Where there is a visual UI, the spec targets WCAG AAA, not the AA most products settle for, with 64px touch targets — roughly double the common minimum. High contrast, big type, no nested navigation, no clever gestures. Every screen should answer one question: what is this, and what's the one thing I do here?
This is also why I think modern AI changes what's possible in this category. The hard part of elderly-accessible software was never the backend. It was the interface. Speech recognition and language models good enough to hold a natural conversation remove the keyboard and the menu tree entirely. The interface becomes talking — the one interface this generation has used their whole lives.
## Why This Market Is Underserved
Dementia care tech is a strange market.

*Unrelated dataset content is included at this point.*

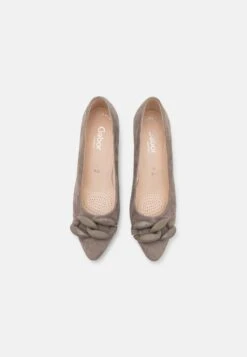 Gabor Comfort Escarpins - Fumo -Femmes Chaussures Boutique dc888841e3c842ceaed1cbf4def878f2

The need is enormous and growing with the demographics, the emotional stakes couldn't be higher — and yet the consumer software shelf is nearly bare. Most of what exists targets institutions: facility management, staff scheduling, clinical documentation. Families at home get pamphlets and a support-group URL.

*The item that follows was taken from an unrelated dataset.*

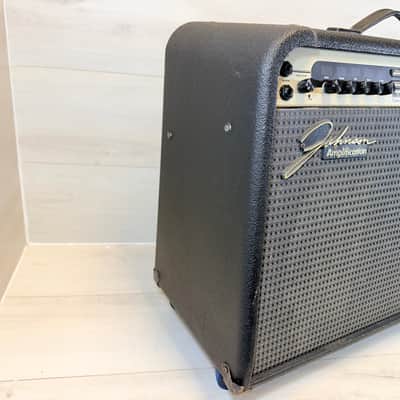 Johnson Millennium Stereo One-Fifty 150W 2x12 Modeling Guitar Combo Amp w/ Celestion Speakers 1997 image 8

I have a theory about why. The buyers are stretched-thin caregivers, the end users have declining abilities, and the outcomes are hard to quantify — so it doesn't pattern-match to what venture-scale software looks for. The startups that try usually drift toward the institutional buyer, because that's where the predictable contracts are.
But the funding picture for the science is real. While researching this space I found that NIH SBIR grants for Alzheimer's and related dementias run up to $500K — non-dilutive money specifically aimed at this problem. That tells you the public-health side considers it urgent even where the consumer market hasn't caught up. The gap between "validated clinical need" and "anything a family can actually download" is the opportunity.
And to be clear about where MemoryLane sits: it's a working MVP, not a medical device. Invite links get copied by hand, the storage buckets aren't locked down for production, and it runs on sample data. I'm explicit about that in the repo. Anything that touches a clinical claim needs evidence, review, and a much higher security bar. The current build proves the experience; the research folder next to it holds the PRD and the clinical literature for what comes after.
## The Stack, Briefly
For builders who want specifics: Next.js 14 with the App Router and TypeScript, React 18, Tailwind, framer-motion for the gentler transitions. Supabase carries the heavy load — Postgres with pgvector for embeddings, Auth, Storage, and RLS for the permission model. Netlify handles deploys and the serverless entity-extraction function. Nothing exotic. The novelty is in the data model and the audience, not the infrastructure.
## A Practical Takeaway
If you're building AI products for elderly users — or for any population the industry usually ignores — here's what MemoryLane taught me:
1. **Design the data model around contribution, not entry.** One overloaded admin typing everything in is how these tools die. Make it trivially easy for many people to add a little.
2. **Treat voice as the primary interface, not a feature.** For users who can't or won't type, voice-first isn't a nice-to-have. It's the difference between a product and a demo.
3. **Use a graph plus embeddings, not embeddings alone.** Vector search finds similar text. The entity graph is what lets one memory cue another the way human recall actually works.
4. **Put permissions in the database.** Multi-party family data with RLS and security-definer RPCs is harder up front and much safer forever after.
5. **Exceed the accessibility spec.** AA is a floor written for the general population. If your users are 80, build to AAA and oversize everything.
The deeper lesson is simpler, though. The most meaningful application of AI memory I've found so far isn't making an assistant smarter. It's helping a family keep hold of the stories that made them a family — and making sure that when someone asks "remember when?", there's still an answer.